WO2015047073A1

WO2015047073A1 - Method for performing distributed reasoning over linked data

Info

Publication number: WO2015047073A1
Application number: PCT/MY2014/000125
Authority: WO
Inventors: Weng Onn Kow; Lukose Dickson
Original assignee: Mimos Berhad
Priority date: 2013-09-27
Filing date: 2014-05-28
Publication date: 2015-04-02
Also published as: MY185830A

Abstract

The present invention relates to a method for reasoning knowledge that is distributed across a plurality of linked knowledge bases. It handles queries in two ways. First, it handles a query by determining whether or not a fact is true. Secondly, it handles a query by returning query results that are not directly explicit within the triples of the queries knowledge bases which are the subjects, predicates and objects.

Description

METHOD FOR PERFORMING DISTRIBUTED REASONING OVER LINKED DATA

FIELD OF INVENTION

The present invention relates to a method for reasoning knowledge that is distributed across a plurality of linked knowledge bases.

BACKGROUND OF THE INVENTION

In recent times, there are plenty of information sources that everyone is capable to obtain information from all over the world on the world wide web. A knowledge base, also known as kb, is a special database for knowledge management. It is an information repository that provides a means for information to be collected, organised, shared, searched and utilized. A knowledge base can either be machine-readable or intended for human use. Human-readable knowledge bases are used to enable people to retrieve and use the knowledge they contain. A human- readable knowledge base can also be coupled with a machine-readable one.

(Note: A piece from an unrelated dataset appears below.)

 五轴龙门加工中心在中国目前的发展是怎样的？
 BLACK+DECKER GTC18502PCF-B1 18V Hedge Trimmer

Machine-readable knowledge bases store knowledge in a computer-readable form which usually has automated deductive reasoning applied to them. These knowledge bases contain a set of data, often in the form of rules that describe the knowledge in a logically consistent manner, whereby an ontology is used to define the structure of the stored data. One of the examples is the Web Ontology Language (OWL), which is a family of knowledge representation language for authoring ontologies. The languages are characterised by formal semantics and Resource Description Framework (RDF) / Extensible Markup Language (XML) - based serializations for the semantic web.

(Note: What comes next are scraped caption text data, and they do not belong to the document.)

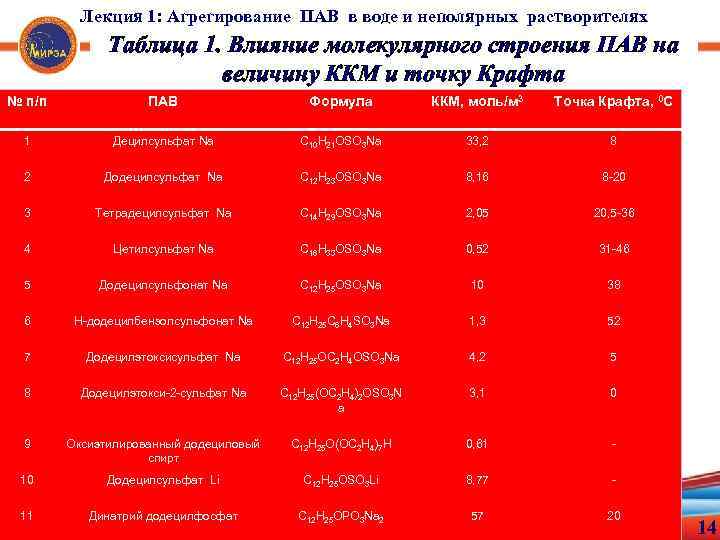 Лекция 1: Агрегирование ПАВ в воде и неполярных растворителях Таблица 1. Влияние молекулярного строения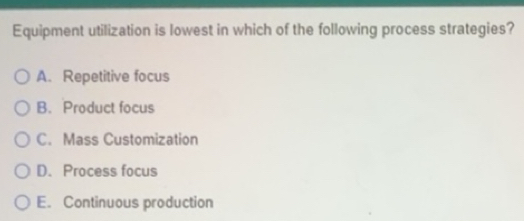Solved: Equipment utilization is lowest in which of the following ...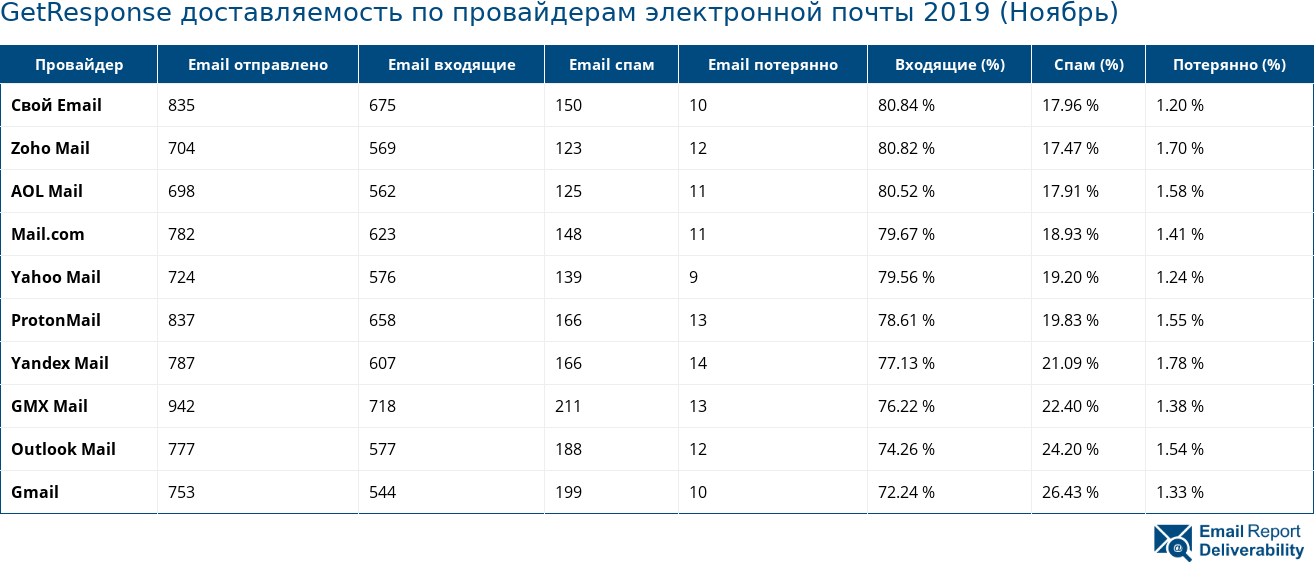 GetResponse доставляемость по провайдерам электронной почты 2019 (Ноябрь)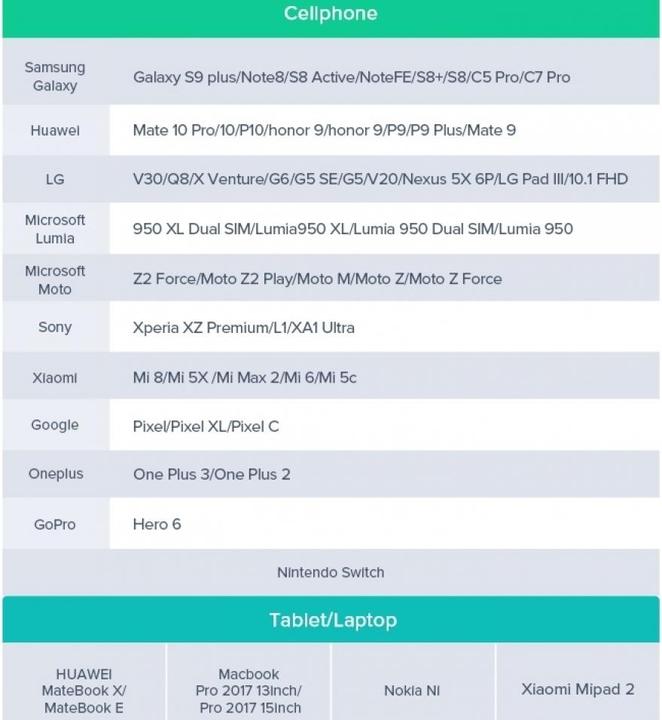 Image du produit Ugreen Câble de données USB-A 2.0 vers USB-C (1 m, USB 2.0)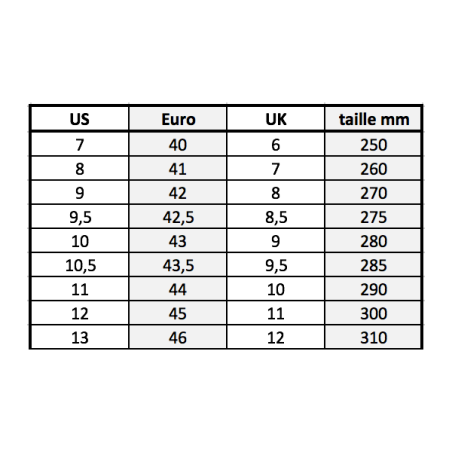 CHAUSSURES AFTON VECTAL NOIR/ROUGE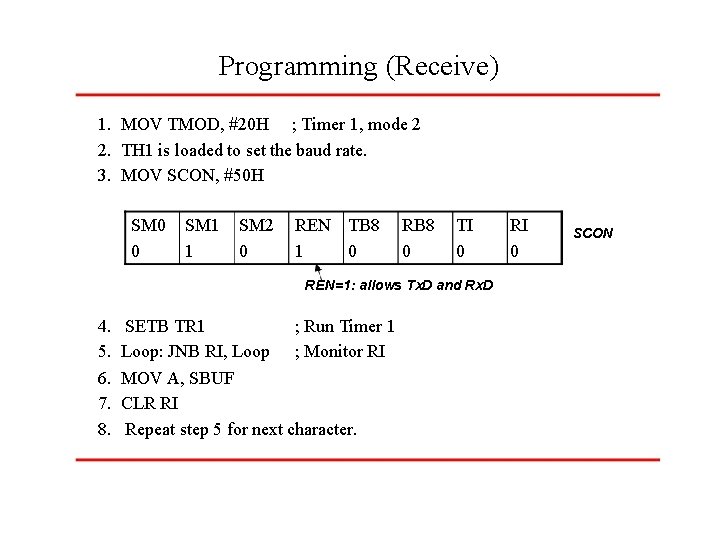 Programming (Receive) 1. MOV TMOD, #20 H ; Timer 1, mode 2 2. TH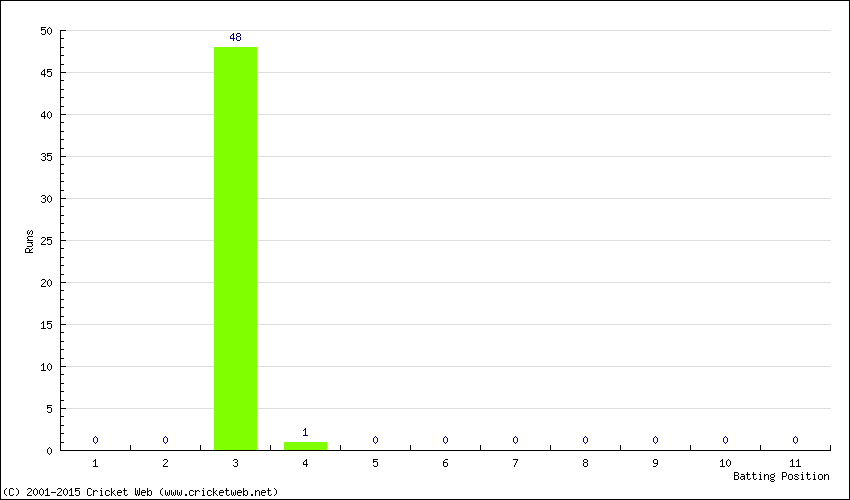 Runs by Batting Position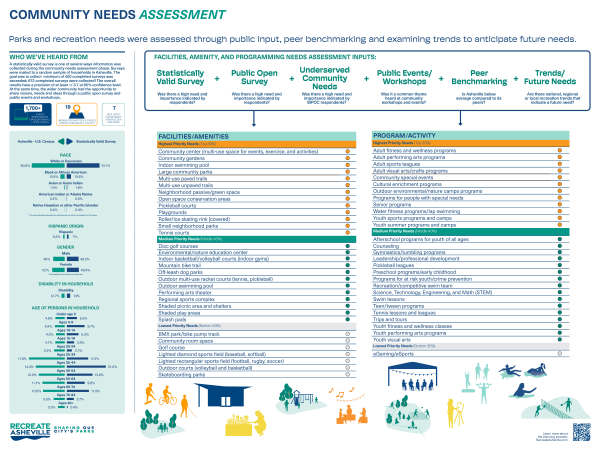 Community Needs Assessment: Parks and recreation needs were assessed through public input peer benchmarking and examining trends to anticipate future needs. The output of this assessment are Facilities/Amenities and Program/Activities ranked by high- medium- and low-priority needs. Are we missing anything? Is anything unclear? Do you have any thoughts you would like to share?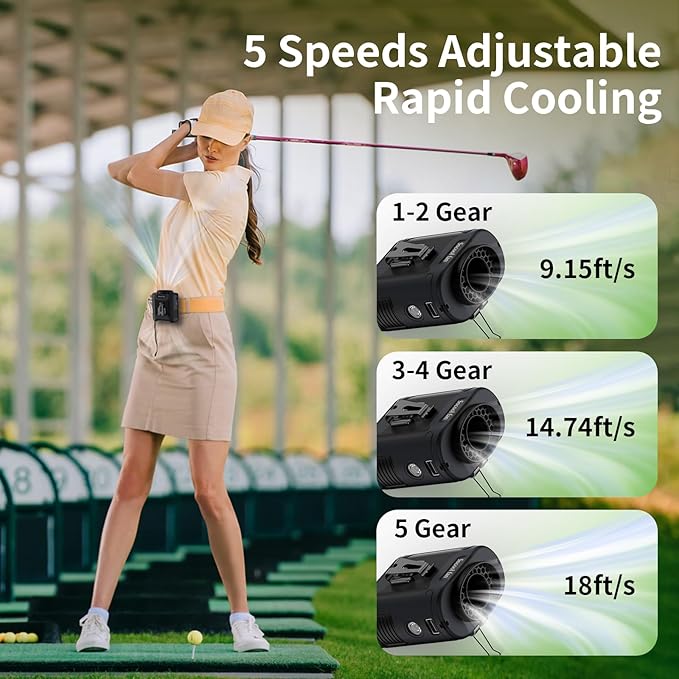 Socool 10000mAh Portable Waist Fan Clip on Wearable Belt Personal Fan - Image 2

A search engine is usually used to locate information in the system or to browse through a classification scheme. Search engines often provide compilation and retrieval services. Due to the growing amount of data contained within the world wide web and other information sources such as these knowledge bases, it is difficult for users to obtain all information they need when only a single search request is used. Apart from that, reasoning on a distributed set of knowledge bases requires all the information such as the rules and facts to be stored in the same location before the inferencing for new facts can be performed. This can lead to several issues on how to decide which knowledge bases to bring together and limited results are achieved as results are returned only from the knowledge bases that were specified to be federated. Therefore, there is a need to provide a method that addresses the above mentioned drawbacks of the existing method for reasoning knowledge.

SUMMARY OF INVENTION

The present invention relates to a method for reasoning knowledge that is distributed across a plurality of linked knowledge bases. The method is characterised by the steps of receiving an initial query from user; identifying an appropriate knowledge base to answer the query by a data source index; sending the query to the appropriate knowledge base for a local query; storing the results from the local query in a computer memory; performing a transitive reasoning within the same knowledge base if the query involves a transitive property; discovering equivalences of concepts and relations to the answers of the query in other knowledge bases; generating new queries from the discovered equivalences; distributing queries to knowledge bases to perform reasoning until a timeout is reached or if there are no more answers found from the knowledge bases; aggregating results from all knowledge bases; and returning the results to user.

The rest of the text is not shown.